• **Work to be completed**
If a line of the material holds the string "shoes", please copy it.

• **Material for the task**
--------------------------------

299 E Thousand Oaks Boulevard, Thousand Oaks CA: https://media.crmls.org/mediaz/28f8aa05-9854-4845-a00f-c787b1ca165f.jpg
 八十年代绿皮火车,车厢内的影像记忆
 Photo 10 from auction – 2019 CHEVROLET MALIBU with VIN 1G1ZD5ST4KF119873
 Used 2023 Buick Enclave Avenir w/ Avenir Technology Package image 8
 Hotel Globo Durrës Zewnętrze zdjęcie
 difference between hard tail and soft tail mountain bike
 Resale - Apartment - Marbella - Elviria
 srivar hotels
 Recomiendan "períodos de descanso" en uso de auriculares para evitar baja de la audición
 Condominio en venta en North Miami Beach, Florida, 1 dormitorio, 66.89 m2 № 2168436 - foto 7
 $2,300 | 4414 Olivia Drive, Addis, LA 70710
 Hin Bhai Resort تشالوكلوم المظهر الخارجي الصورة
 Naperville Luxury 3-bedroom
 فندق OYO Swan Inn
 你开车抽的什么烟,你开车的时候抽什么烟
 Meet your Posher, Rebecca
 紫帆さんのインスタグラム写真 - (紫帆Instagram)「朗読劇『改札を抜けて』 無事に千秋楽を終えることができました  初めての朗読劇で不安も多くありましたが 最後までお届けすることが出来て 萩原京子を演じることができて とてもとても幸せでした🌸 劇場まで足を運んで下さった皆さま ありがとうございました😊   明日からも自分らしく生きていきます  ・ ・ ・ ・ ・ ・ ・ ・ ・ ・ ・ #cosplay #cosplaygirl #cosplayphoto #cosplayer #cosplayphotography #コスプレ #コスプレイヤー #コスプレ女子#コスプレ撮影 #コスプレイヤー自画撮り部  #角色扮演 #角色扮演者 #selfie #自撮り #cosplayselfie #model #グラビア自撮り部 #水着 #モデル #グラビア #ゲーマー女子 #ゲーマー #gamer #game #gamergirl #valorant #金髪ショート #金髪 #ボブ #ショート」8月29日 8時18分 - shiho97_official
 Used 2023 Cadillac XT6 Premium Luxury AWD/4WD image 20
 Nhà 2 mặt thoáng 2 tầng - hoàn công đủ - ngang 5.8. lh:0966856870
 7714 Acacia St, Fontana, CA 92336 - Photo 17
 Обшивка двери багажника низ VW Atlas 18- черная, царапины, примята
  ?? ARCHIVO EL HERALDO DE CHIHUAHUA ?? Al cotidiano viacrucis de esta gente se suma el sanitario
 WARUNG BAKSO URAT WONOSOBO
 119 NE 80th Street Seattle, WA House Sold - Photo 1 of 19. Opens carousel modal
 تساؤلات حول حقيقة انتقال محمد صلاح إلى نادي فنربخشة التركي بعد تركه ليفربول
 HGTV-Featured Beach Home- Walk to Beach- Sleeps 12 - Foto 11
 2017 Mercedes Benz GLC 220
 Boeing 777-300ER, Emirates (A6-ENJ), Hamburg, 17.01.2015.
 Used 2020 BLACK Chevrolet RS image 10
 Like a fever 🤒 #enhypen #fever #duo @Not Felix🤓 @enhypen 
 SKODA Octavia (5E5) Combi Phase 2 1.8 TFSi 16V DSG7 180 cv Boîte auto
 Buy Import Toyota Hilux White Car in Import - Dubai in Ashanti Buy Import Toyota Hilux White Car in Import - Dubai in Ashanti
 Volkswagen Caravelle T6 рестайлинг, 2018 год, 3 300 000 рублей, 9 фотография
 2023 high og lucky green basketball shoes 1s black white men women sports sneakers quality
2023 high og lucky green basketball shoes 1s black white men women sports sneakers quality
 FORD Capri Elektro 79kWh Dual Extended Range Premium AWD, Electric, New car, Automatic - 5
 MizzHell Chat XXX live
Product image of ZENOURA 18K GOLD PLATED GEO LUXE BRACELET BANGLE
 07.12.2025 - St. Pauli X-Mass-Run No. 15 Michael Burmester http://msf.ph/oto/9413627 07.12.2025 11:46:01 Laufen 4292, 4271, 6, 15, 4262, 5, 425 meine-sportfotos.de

--------------------------------

• **Answer to this task**
 2023 high og lucky green basketball shoes 1s black white men women sports sneakers quality
2023 high og lucky green basketball shoes 1s black white men women sports sneakers quality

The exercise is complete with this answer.